Google’s Waze, a navigation app that also powered the official app for the event, introduced its first native ad product named Favorite Brands. Marketers can now invite Waze users to tap an ad to ‘favorite’ a brand to make their favourite stores and restaurants more accessible in Waze’s mobile map. Waze officials informed that this change will also surface customisable brand messages in some on-the-road features such as planned drives, calendar sync and speed limit. Dunkin’ Donuts is the first brand to sign on for this ad product, which will be in beta testing for the remainder of the year.
Waze has 65 million monthly drivers worldwide, which presents a sizable audience for brands with physical stores to make a play for. By integrating brand messaging into its app, Waze manages to deliver location-based native ads in the form of utility with minimal disruption to its user experience. Brands that are looking to drive store traffic and engage their customers to build long-term relationships should consider giving this native ad product a try.
Google also added four changes to its ad products.

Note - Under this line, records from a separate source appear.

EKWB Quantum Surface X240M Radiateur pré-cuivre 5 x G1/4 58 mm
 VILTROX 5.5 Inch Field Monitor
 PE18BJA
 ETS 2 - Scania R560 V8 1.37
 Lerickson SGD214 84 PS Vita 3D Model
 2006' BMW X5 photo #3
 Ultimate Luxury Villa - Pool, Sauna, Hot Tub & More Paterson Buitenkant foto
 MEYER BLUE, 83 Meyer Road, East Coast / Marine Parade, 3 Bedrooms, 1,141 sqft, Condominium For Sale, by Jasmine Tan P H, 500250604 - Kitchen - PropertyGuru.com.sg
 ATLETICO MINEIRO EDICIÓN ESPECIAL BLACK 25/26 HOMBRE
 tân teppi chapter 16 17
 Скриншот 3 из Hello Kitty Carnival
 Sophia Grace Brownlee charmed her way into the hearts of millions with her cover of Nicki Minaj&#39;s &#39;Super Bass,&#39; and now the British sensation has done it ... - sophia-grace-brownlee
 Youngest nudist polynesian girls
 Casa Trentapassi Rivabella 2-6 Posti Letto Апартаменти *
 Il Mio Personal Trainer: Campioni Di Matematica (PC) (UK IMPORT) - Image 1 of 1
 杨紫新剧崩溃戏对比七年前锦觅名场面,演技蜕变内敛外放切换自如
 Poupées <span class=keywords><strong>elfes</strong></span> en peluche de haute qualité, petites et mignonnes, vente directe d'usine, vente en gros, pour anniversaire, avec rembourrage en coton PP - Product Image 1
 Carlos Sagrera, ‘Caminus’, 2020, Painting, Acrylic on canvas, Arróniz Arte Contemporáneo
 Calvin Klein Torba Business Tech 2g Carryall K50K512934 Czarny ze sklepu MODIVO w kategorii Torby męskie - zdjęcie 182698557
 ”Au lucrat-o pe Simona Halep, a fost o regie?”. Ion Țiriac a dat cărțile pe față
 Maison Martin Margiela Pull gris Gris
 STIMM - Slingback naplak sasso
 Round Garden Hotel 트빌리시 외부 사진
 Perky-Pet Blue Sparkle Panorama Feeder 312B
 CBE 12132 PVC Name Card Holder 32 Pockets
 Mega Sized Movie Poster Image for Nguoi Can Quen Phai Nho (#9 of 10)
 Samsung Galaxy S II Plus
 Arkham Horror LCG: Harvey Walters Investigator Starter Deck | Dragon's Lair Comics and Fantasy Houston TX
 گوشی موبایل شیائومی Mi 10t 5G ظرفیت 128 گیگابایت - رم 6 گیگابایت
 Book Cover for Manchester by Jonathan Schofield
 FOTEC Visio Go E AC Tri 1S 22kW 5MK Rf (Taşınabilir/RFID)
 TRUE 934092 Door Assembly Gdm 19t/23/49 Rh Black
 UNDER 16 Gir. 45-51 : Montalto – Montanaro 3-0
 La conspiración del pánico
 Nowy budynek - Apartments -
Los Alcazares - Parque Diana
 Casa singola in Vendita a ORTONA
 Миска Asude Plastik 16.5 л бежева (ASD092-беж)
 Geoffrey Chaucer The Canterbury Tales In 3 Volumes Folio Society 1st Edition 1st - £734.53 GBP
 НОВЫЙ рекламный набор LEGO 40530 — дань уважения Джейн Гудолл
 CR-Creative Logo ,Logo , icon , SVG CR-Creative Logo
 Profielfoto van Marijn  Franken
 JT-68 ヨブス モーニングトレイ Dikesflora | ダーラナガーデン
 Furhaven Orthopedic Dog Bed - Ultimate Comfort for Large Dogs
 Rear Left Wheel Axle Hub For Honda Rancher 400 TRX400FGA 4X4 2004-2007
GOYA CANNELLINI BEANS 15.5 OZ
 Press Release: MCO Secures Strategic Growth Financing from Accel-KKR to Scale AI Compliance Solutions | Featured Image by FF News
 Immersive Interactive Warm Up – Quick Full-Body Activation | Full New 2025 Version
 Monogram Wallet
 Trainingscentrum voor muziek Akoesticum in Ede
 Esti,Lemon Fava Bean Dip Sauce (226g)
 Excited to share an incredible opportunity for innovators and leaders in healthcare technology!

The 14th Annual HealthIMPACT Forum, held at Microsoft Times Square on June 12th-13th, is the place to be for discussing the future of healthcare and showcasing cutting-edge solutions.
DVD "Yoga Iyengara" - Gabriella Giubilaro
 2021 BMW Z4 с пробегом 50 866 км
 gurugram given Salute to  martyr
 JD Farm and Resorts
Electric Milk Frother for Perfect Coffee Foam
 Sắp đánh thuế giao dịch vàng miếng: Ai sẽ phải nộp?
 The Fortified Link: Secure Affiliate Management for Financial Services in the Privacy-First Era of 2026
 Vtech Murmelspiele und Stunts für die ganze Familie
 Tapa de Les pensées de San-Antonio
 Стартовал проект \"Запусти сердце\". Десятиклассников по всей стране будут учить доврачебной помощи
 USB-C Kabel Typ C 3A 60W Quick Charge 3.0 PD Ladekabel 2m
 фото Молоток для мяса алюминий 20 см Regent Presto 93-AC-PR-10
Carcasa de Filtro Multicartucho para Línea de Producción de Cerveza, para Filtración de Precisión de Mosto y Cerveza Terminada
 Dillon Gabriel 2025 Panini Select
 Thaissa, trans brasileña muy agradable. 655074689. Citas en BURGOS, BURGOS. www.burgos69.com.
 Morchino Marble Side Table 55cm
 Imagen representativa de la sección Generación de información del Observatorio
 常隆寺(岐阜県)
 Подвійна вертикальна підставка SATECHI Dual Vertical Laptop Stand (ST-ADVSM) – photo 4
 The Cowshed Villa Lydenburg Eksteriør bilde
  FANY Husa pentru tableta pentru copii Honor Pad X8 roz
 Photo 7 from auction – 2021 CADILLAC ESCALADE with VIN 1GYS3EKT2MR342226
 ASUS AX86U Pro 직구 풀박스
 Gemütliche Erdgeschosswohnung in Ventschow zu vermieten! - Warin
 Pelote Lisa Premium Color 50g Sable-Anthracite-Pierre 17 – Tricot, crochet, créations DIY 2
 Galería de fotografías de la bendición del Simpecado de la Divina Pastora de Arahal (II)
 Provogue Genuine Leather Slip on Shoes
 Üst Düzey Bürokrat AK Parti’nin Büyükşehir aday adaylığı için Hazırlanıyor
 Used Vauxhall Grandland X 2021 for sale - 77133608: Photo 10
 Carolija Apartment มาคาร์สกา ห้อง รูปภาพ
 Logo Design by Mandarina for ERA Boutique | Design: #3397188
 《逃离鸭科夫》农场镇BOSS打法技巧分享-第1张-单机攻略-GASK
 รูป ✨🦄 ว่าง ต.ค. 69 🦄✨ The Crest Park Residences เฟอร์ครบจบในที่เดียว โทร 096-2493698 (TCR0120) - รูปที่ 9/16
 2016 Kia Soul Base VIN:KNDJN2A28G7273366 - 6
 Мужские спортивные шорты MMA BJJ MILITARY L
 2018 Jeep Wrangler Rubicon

The first of these is cross-device retargeting, where Google updated its Google Display Network and DoubleClick Bid Manager to help brands retarget Google users across devices based on their Google profiles. Mobile ads get more local as mobile ads on Google Display Network can now include a business address and pull directions and photos from Google Maps. Home Depot tested the feature and reported an eight-time improvement on its ROI compared to its regular mobile ads.
Also, Google updated the offline measurement tools in its Google Display Network to bring more data to the table. The search giant says its measurement tools will also employ a five-million-user panel to gauge whether the display ads drive retail purchases with 99 per cent accuracy.
The platform is also doing TV and YouTube ads comparison. With an upgraded version of its Brand Lift measurement product, Google is enabling marketers to compare the frequency of Google searches that viewers carry out after seeing a YouTube ad versus a TV ad.
All together, these additions aim to make Google’s ad products more accountable and local. For brands looking to reach a mobile audience via search ads, these new updates should come as welcome news that can further improve their digital campaigns. Retailers in particular should learn to adopt these features to enable in-store attribution tracking and cross-device retargeting for more effective campaigns.